** AIM OF THE TASK **
Can the lines below, from the one that holds "ESAME DI STATO: L’INSEGNANTE" to the very end, be echoed exactly, with both ends included and no pictures?

** SUPPLIED INFORMATION **
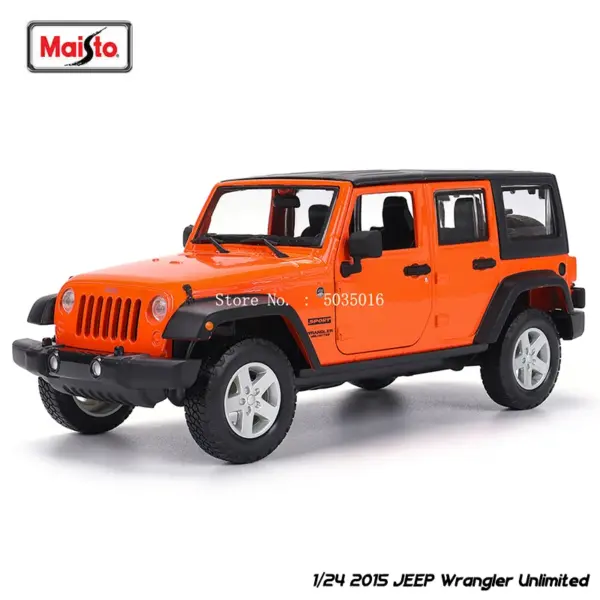 Maisto 1:24 Jeep Wrangler Diecast Model Car - Image 9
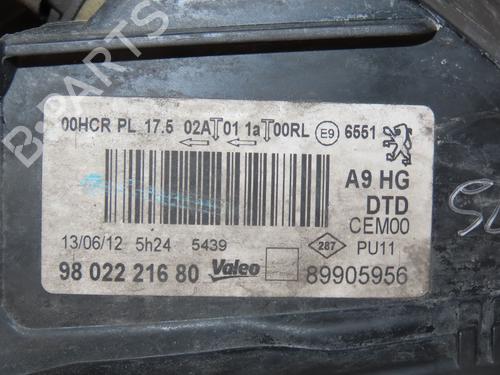 Right headlight PEUGEOT 208 I (CA_, CC_) 1.6 HDi | BP28969431C29 
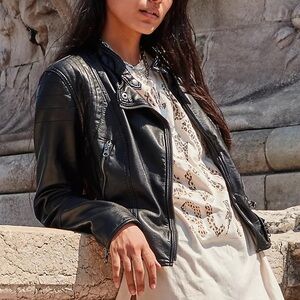 We The Free Black Faux Leather Moto Jacket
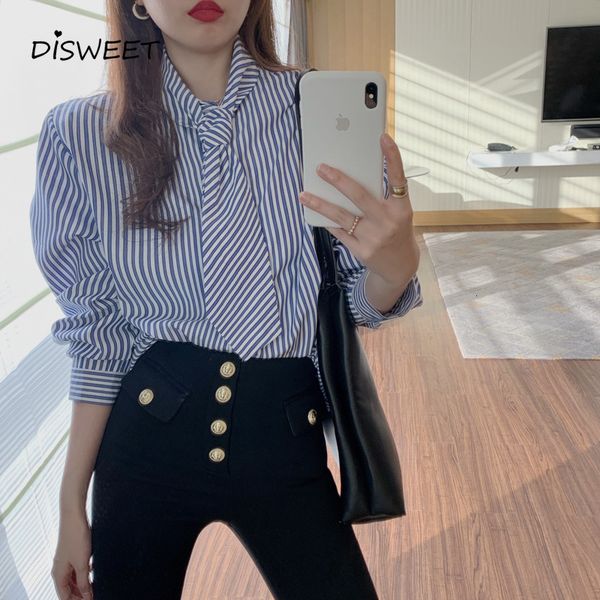 

sweaters striped tie woman korean long-sleeved single-breasted loose women simple slim temperament women's shirt, White;black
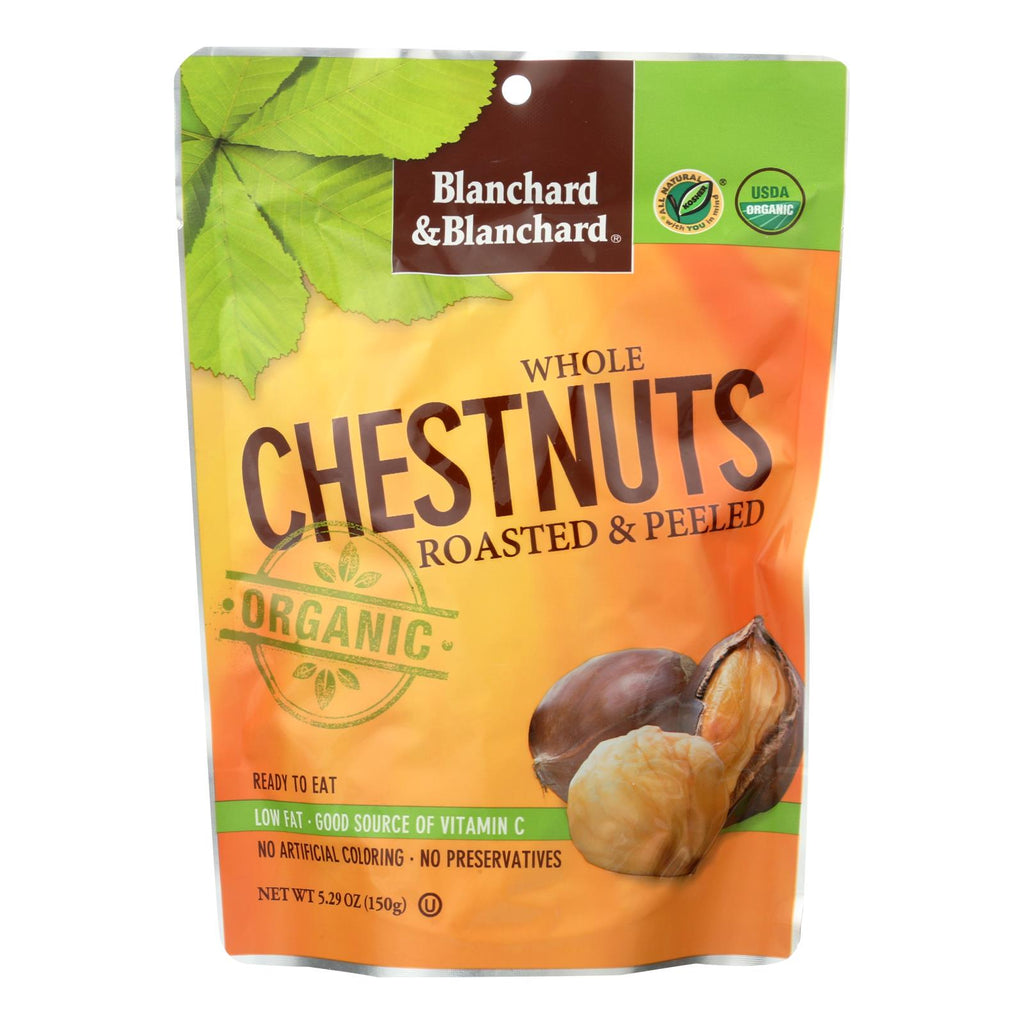 Blanchard And Blanchard Organic Whole Chestnuts - Roasted And Peeled - Case Of 12 - 5.2 Oz. - Lakehouse Foods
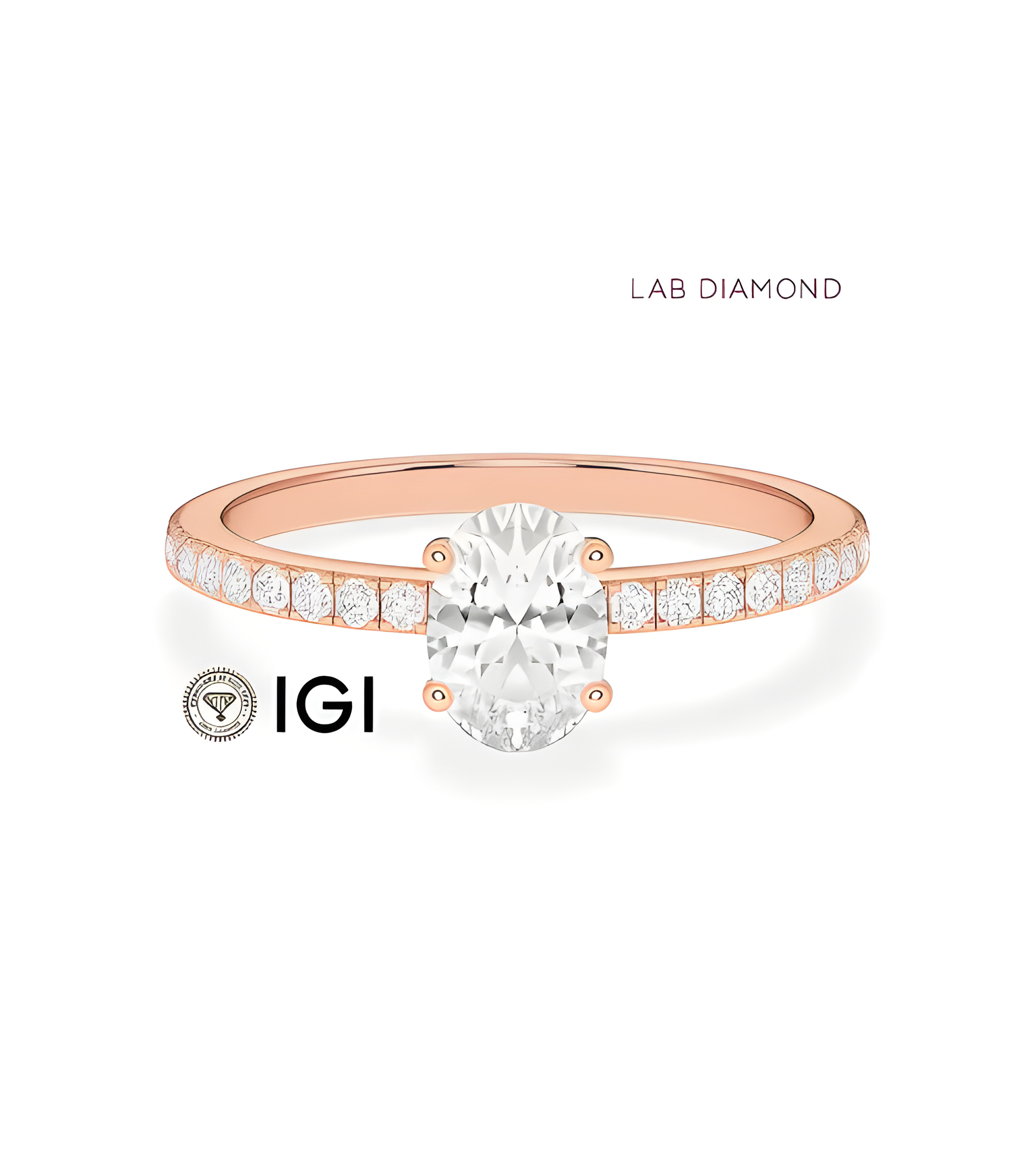 Lab-grown diamond hidden halo engagement rings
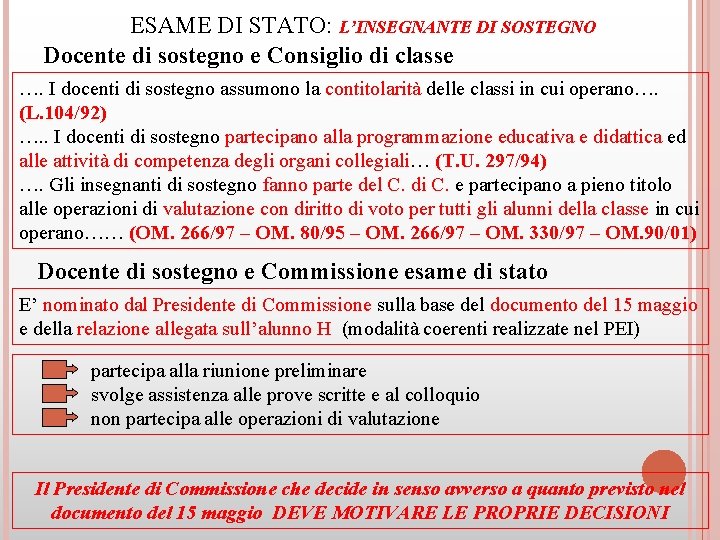 ESAME DI STATO: L’INSEGNANTE DI SOSTEGNO Docente di sostegno e Consiglio di classe ….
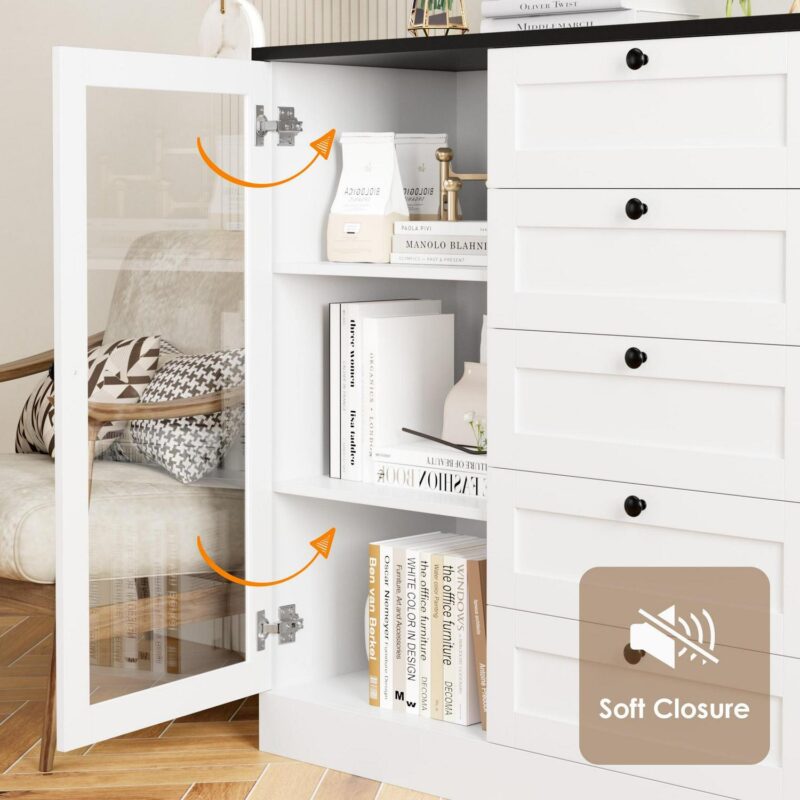 Homfa 5 Drawer White Dresser with Glass Door, Modern Wood Chest of Drawers for Bedroom Living Room Hallway - Image 5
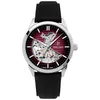 Image de Montre Homme MONARCK Argenté Cadran Bordeaux Bracelet Cuir Noir 22 MM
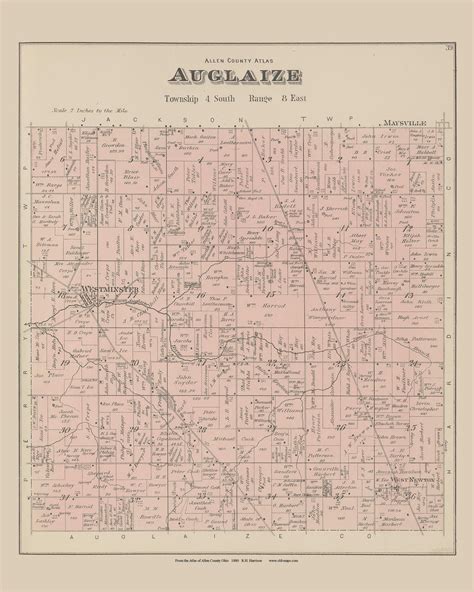 Auglaize 1880 Old Town Map Reprint Allen County Ohio Etsy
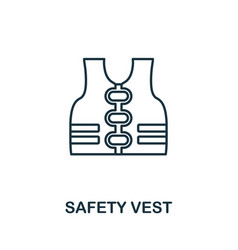 Safety Vest Line Icon Monochrome Simple Safety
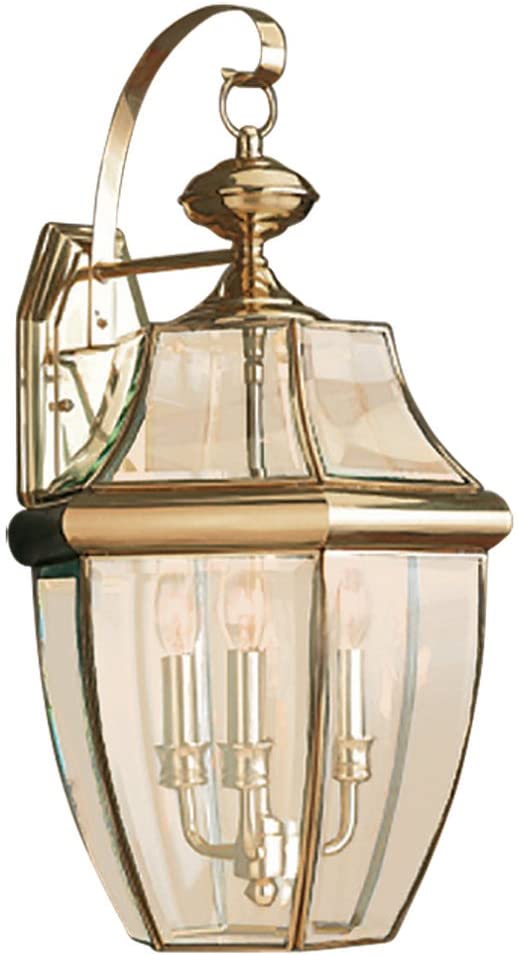 Sea Gull Lighting Generation 8040-02 Traditional Three Light Outdoor Wall Lantern from Seagull-Lancaster Collection Cast Finish, 14.25 inches, Polished Brass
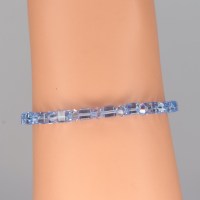 12751 925er Armband mit Swarovski® Würfel 4mm light sapphire und Swarovski® Xilions 4mm light sapphire AB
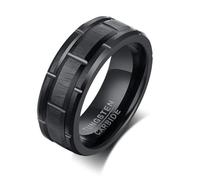 Hokech Classique Hommes 8mm Noir Carbure De Tungstène Bande De Mariage Bague Brique Motif Brossé Finition Brossée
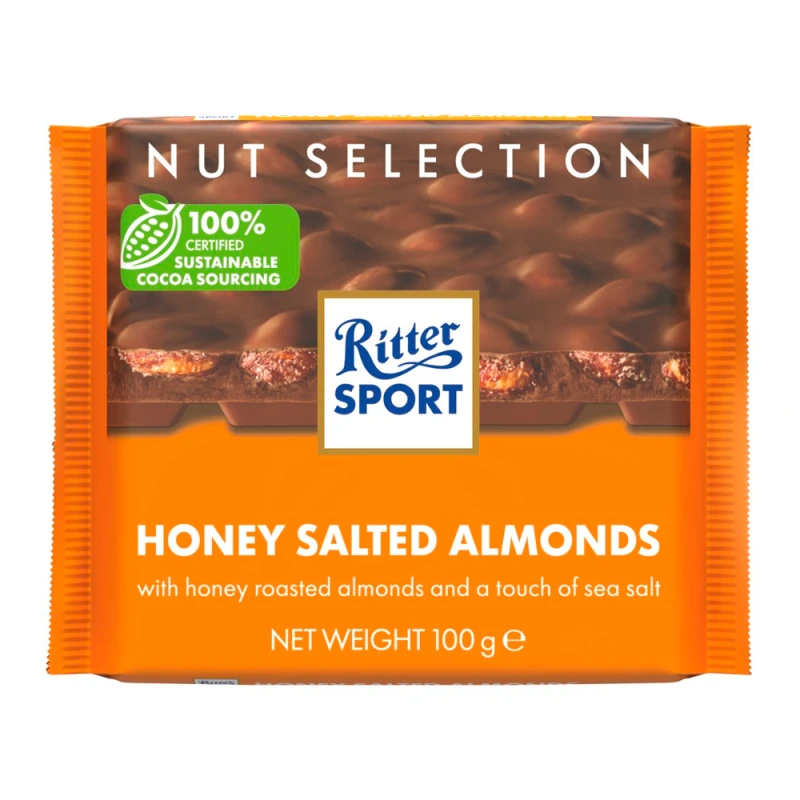 Barra Chocolate Ritter Sport Amêndoa Salgada Com Mel 100G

** SOLUTION FOR THIS TASK **
 ESAME DI STATO: L’INSEGNANTE DI SOSTEGNO Docente di sostegno e Consiglio di classe ….
 Homfa 5 Drawer White Dresser with Glass Door, Modern Wood Chest of Drawers for Bedroom Living Room Hallway - Image 5
 Image de Montre Homme MONARCK Argenté Cadran Bordeaux Bracelet Cuir Noir 22 MM
 Auglaize 1880 Old Town Map Reprint Allen County Ohio Etsy
 Safety Vest Line Icon Monochrome Simple Safety
 Sea Gull Lighting Generation 8040-02 Traditional Three Light Outdoor Wall Lantern from Seagull-Lancaster Collection Cast Finish, 14.25 inches, Polished Brass
 12751 925er Armband mit Swarovski® Würfel 4mm light sapphire und Swarovski® Xilions 4mm light sapphire AB
 Hokech Classique Hommes 8mm Noir Carbure De Tungstène Bande De Mariage Bague Brique Motif Brossé Finition Brossée
 Barra Chocolate Ritter Sport Amêndoa Salgada Com Mel 100G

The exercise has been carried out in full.